You’re fellating robber-barons and buying into the bullshit propaganda that without our hugely unequal economic system you wouldn’t be allowed to have a computer.
The numbers don’t add up. There are 2781 billionaires in the world with a combined net worth of $14.2 trillion. If you wiped them all out and spread that wealth evenly across the world’s 8.2 billion people that’s only $1731 per person.
Sure, that’s going to help immensely for people in very low CoL countries but it’s basically nothing for an average American.
The point isn’t just to take their money and redistribute it it’s to get rid of a profit driven and privately owned system in favor of a democratic economy where workers get the value of their labor.
Think of all the private enterprises that reproduce so much work between themselves. Why does every merger get followed by huge layoffs and restructuring? Because we have so much wasted redundant effort.
Consider also how much overproduction we have when it comes to basic needs. People don’t go hungry because of lack of food, we waste food on an industrial scale. People don’t go unclothed because of lack of clothes, we have dedicated landfills for “fast fashion” items that don’t even get sold before being tossed let alone worn once. We have more houses than unhoused by a double digit factor.
All of this waste because we let profit guide production and let private ownership reap all of the value. An economy for the people and owned by the people would give you more benefit than $1000.
I’m proposing a cooperative economy rather than a competitive economy. I’m proposing socialism.
It costs far, far, more to support a billionaire class than the wealth they personally hold.

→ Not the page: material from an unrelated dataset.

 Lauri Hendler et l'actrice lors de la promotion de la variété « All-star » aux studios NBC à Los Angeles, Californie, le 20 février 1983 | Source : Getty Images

Do you have numbers on this?
For example: https://www.oxfam.ca/news/richest-1-emit-as-much-planet-heating-pollution-as-two-thirds-of-humanity/
That paper is mostly talking about the richest countries, not individuals, and I don’t buy it.

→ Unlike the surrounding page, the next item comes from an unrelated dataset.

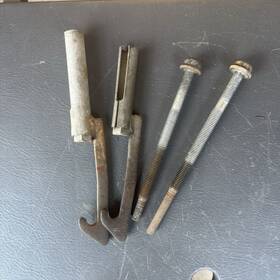 5118920aa Mopar 02-08 Dodge Freightliner Sprinter 2500 3500 Spare Tire Attach Hook Bolt Set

Norway has nationalized all of its oil profits into a sovereign wealth fund that comprises the pension fund for all its citizens. Yet that doesn’t change the amount of oil they produced.
If every oil producing country in the world did as Norway did we wouldn’t have any oil billionaires but we’d still have to deal with climate change. These countries would still be the richest in the world, they would just have less inequality inside them.

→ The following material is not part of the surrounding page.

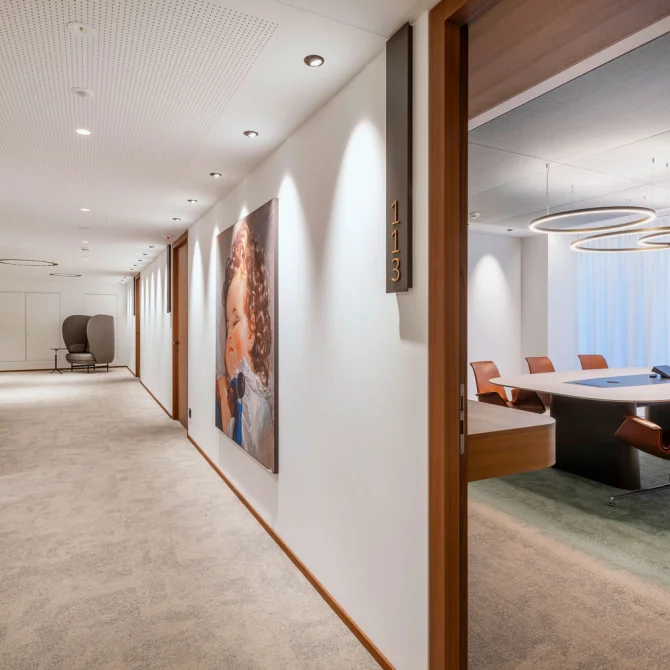 lgt-bleicherweg-flur-verstellbare-spot-beleuchtung-weiss-einbau-decke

That’s not how that works either. Money is an artificial construct. Single billionaire doesn’t have any mythical wealth that could be redistributed because if it happened the wealth wouldn’t be created in the first place in the economic system where wealth gets redistributed.
Not to mention the wealth equals companies stocks. It is just paper, a database entry. It’s worthless but we all agreed that it isn’t.
Billionaire wealth is just imaginary situation maintained by sanctioned violence of police and state. There is no mythical wealth that would suddenly cure hunger or homelessness. There are just imaginary digits that would plummet to 0 the moment you want to take them out
A lot of those are out of reach for many as well still due to cost, or non existent (healthcare). I’m in a pretty stable point in my life and even I get scared by the electric bills related to heating and cooling. Growing up I recall the only option was to go to the mall since we could not afford AC.
came to see what the comments were as the same thing was going through my head.
The comments leave something to be desired imo
Yeah, a lot of capitalist realism, the way we do things now is the best possible way we could be doing them bullshit. No vision whatsoever.
It’s so ingrained in people, we have such an uphill battle as progressives. People worship capitalism like a deity. If it doesn’t get its sacrifices we’ll have droughts and famine!